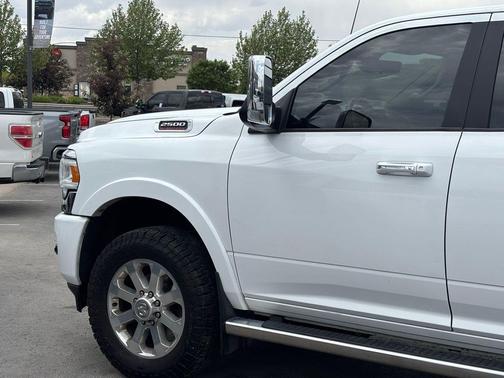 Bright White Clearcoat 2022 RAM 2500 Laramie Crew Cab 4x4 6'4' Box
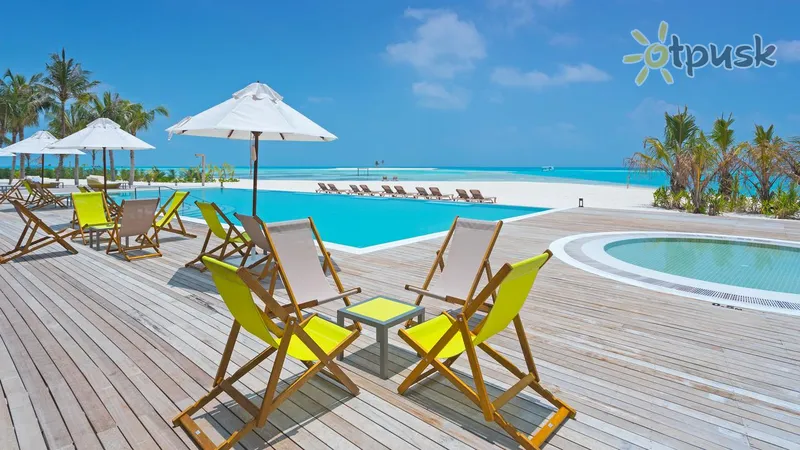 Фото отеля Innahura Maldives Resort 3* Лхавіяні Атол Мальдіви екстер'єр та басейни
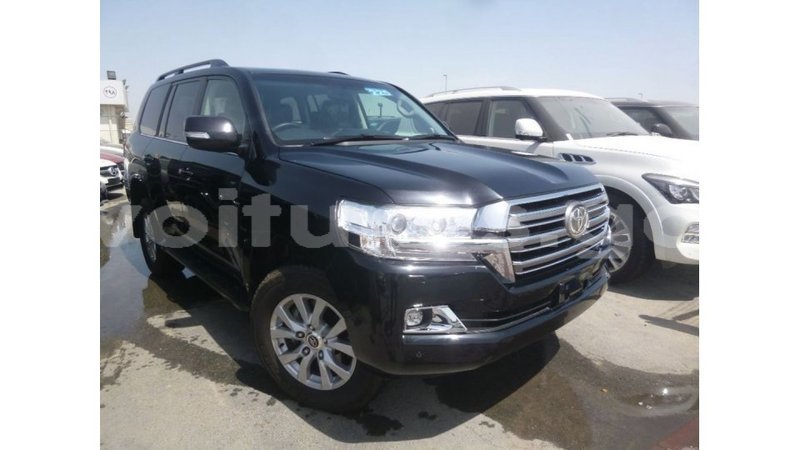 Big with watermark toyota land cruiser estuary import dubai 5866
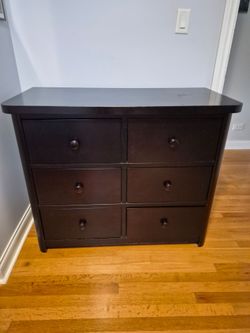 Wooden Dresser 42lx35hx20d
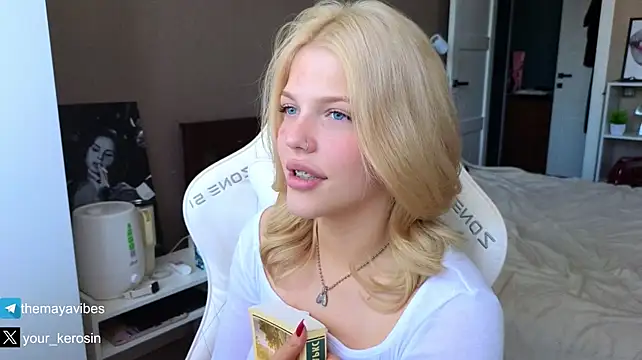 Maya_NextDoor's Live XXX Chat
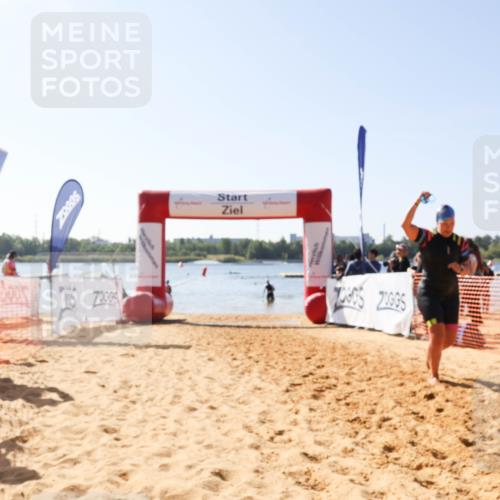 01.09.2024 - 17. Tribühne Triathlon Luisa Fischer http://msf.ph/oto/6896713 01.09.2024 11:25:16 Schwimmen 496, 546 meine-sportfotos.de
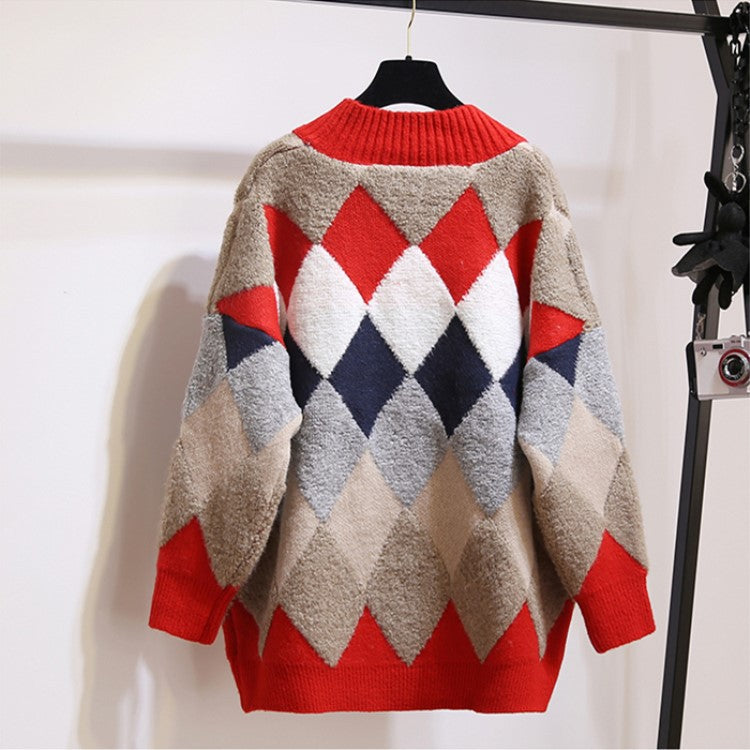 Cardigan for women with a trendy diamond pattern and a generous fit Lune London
····················
◆ EXERCISE DIRECTIONS ◆
Restate each line from the start of the listing through the line bearing "Wooden Dresser 42lx35hx20d" word for word. Drop the pictures.

◆ ANSWER BOX ◆
 Bright White Clearcoat 2022 RAM 2500 Laramie Crew Cab 4x4 6'4' Box
 Фото отеля Innahura Maldives Resort 3* Лхавіяні Атол Мальдіви екстер'єр та басейни
 Big with watermark toyota land cruiser estuary import dubai 5866
 Wooden Dresser 42lx35hx20d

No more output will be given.